The music for this clip consists of nightingale song motifs taken from medieval songs, among them “Quand lo rossinhòls el folhós” (“When the nightingale in the leaves”) by Jaufre Rudel, a Troubadour of the mid 12th century. The performer is playing on a harp equipped with “bray pins,” resulting in a bright, unusual sound that was an important part of the sonority of the harp through the early 17th century.
About the work:
Marie de France, a major literary figure from the Middle Ages, is one of the few women writers of the period whose work has survived. Little is known of her, except that she was almost certainly of the nobility. She wrote in England apparently in the 1160s and ‘70s; her work is in French (or “Anglo-Norman”: the French language as spoken and written in medieval England). She wrote lais—a dozen short narrative poems with Breton roots, composed in octosyllabic rhymed couplets, and bearing on love in its many forms. The lais circulated separately, and also together in a volume that she dedicated to King Henry (probably English King Henry II). She also wrote Espurgatoire seint Patriz (St. Patrick’s Purgatory), about a pilgrimage down to the afterlife, based on Latin sources; and Fables, also based largely on Latin sources. She is now widely believed also to have been the author of the Anglo-Norman Vie seinte Audree (Life of Saint Audrey).
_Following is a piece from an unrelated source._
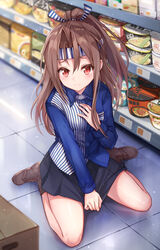  alternate_costume ankle_boots black_skirt blue_ribbon blue_shirt boots brown_footwear brown_hair commentary_request cup_ramen donbei_kitsune_udon donbei_tempura_soba employee_uniform female food hachimaki headband high_ponytail highres indoors instant_ramen instant_soba instant_udon japanese_clothes kantai_collection long_hair looking_at_viewer nissin_cup_noodle nissin_donbei noodles official_alternate_costume pack_noodles ponytail ramen red_eyes ribbon shin_ramyun shirt sitting skirt skirt_tug smile solo striped_clothes striped_ribbon striped_shirt taro_(ultrataro) tile_floor tiles uniform vertical_stripes wariza white_ribbon zuihou_(kancolle)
The Lai of the Nightingale (Laostic, also Laüstic or Aüstic) is one of Marie de France’s Lais. It tells of the love affair between a knight and a married woman. Her jealous husband catches and kills the nightingale which had been the pretext for her nightly visits to her window. The wife wraps the dead nightingale carefully in precious cloth and the lover enshrines it in a precious coffer, thus ensuring that their love will be remembered.
About the genre:
A narrative lai is a short poetic tale composed in verse, which claims to tell the story of how a musical lai from ancient Brittany came to be written. The 12th-century Anglo-Norman woman poet Marie de France is the best known author of narrative lais in French, and may be one of the creators of the genre.
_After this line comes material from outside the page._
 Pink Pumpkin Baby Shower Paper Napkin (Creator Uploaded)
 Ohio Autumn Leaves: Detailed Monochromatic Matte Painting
About the edition/translation:
English verse by Ron Cook. Old French: Les Lais de Marie de France, ed. Jean Rychner, Paris, Champion, 1966.
About the performer/ensemble:
Ron Cook is a professional performer (and lawyer) in Columbus, Ohio. He plays medieval and Renaissance harps and recorder, and performs widely from medieval works.
About the production:
This performance took place at the Medieval Conference at Kalamazoo, Michigan, in May 2006, and was filmed by Timmie Vitz.